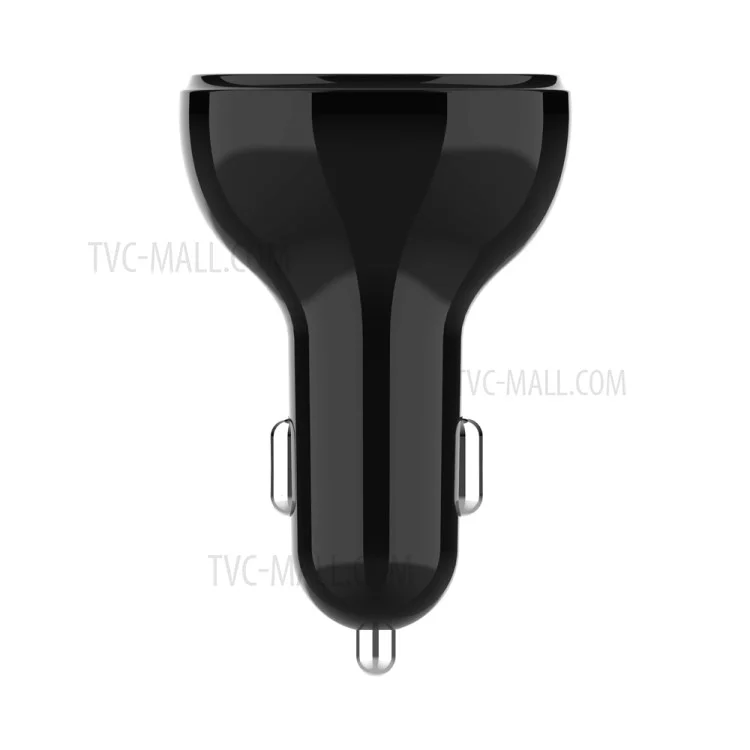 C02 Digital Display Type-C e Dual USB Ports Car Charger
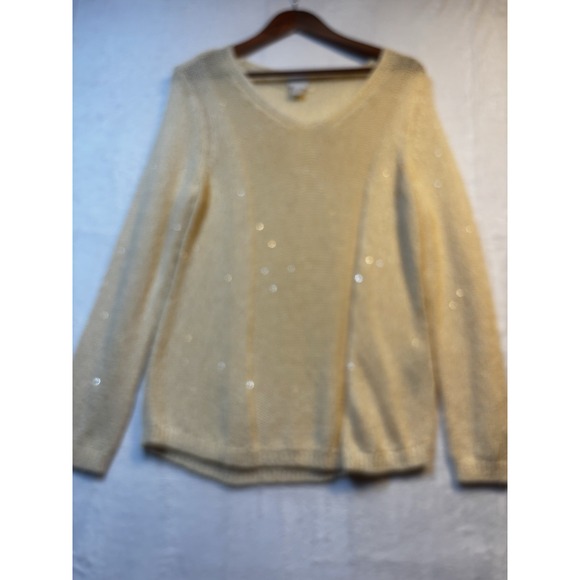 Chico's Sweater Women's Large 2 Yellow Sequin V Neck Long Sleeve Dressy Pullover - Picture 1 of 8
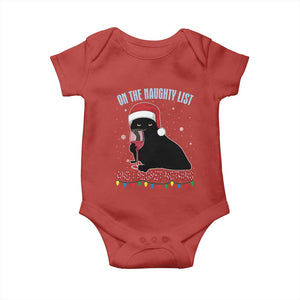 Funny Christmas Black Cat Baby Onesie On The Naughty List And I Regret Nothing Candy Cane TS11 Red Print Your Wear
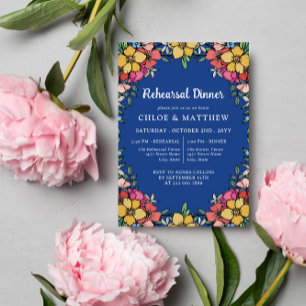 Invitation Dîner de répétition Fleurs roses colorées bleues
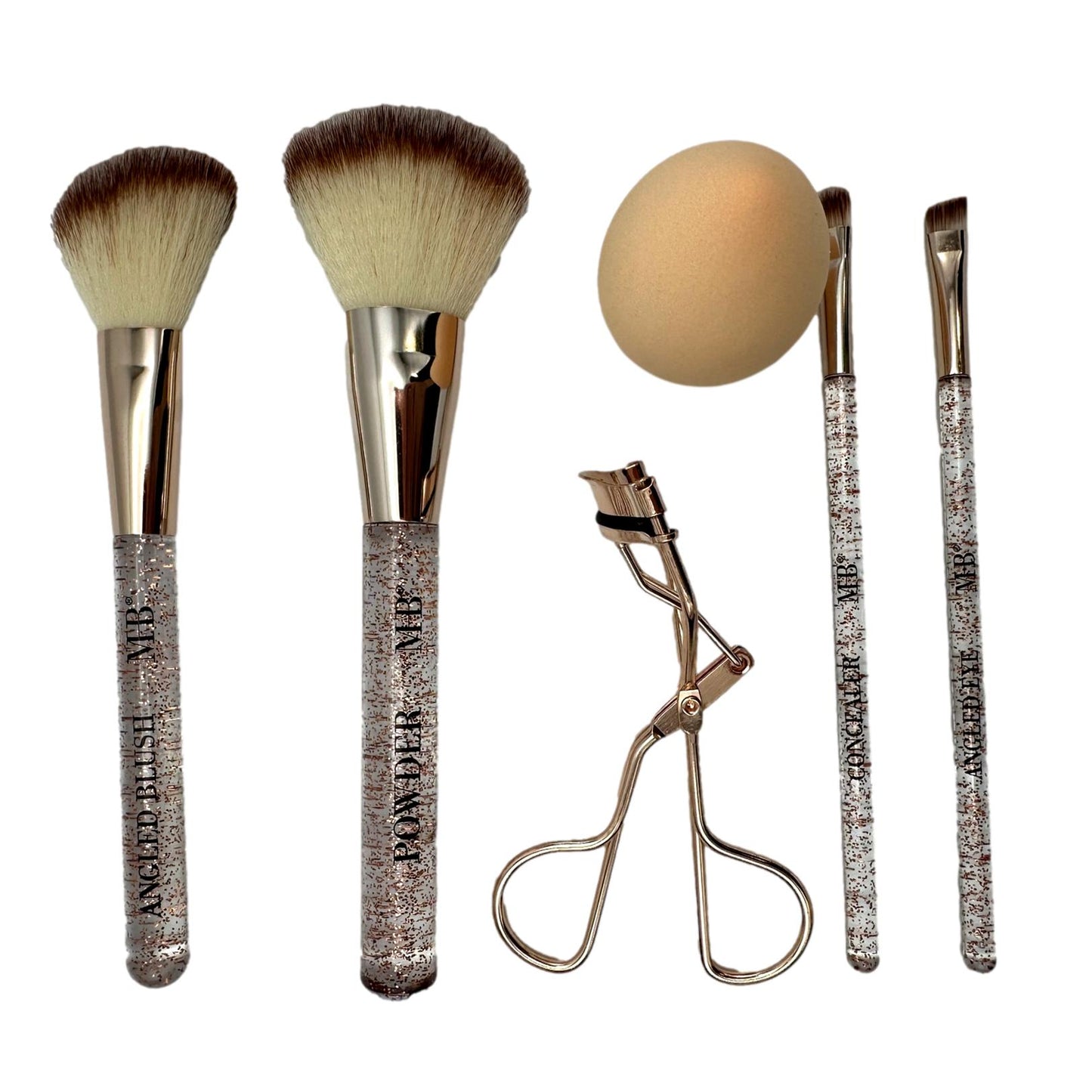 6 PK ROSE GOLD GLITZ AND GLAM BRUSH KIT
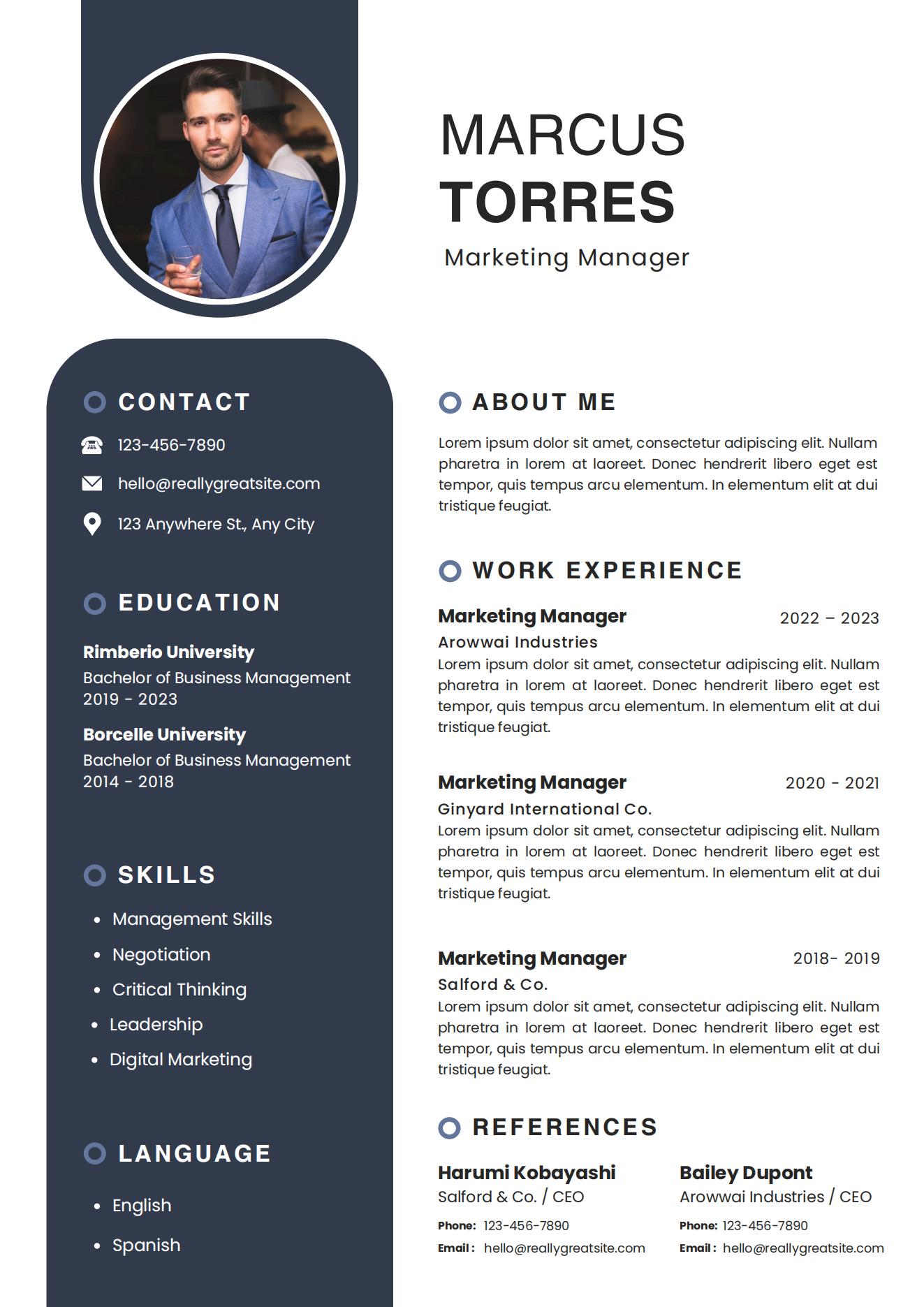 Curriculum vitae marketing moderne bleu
======
- _WORK TASK_
The lines from the one holding "Funny Christmas Black" to the final line of the entries are to be duplicated exactly, and the pictures are to be left out.

- _FINISHED EXERCISE_
 Funny Christmas Black Cat Baby Onesie On The Naughty List And I Regret Nothing Candy Cane TS11 Red Print Your Wear
 Invitation Dîner de répétition Fleurs roses colorées bleues
 6 PK ROSE GOLD GLITZ AND GLAM BRUSH KIT
 Curriculum vitae marketing moderne bleu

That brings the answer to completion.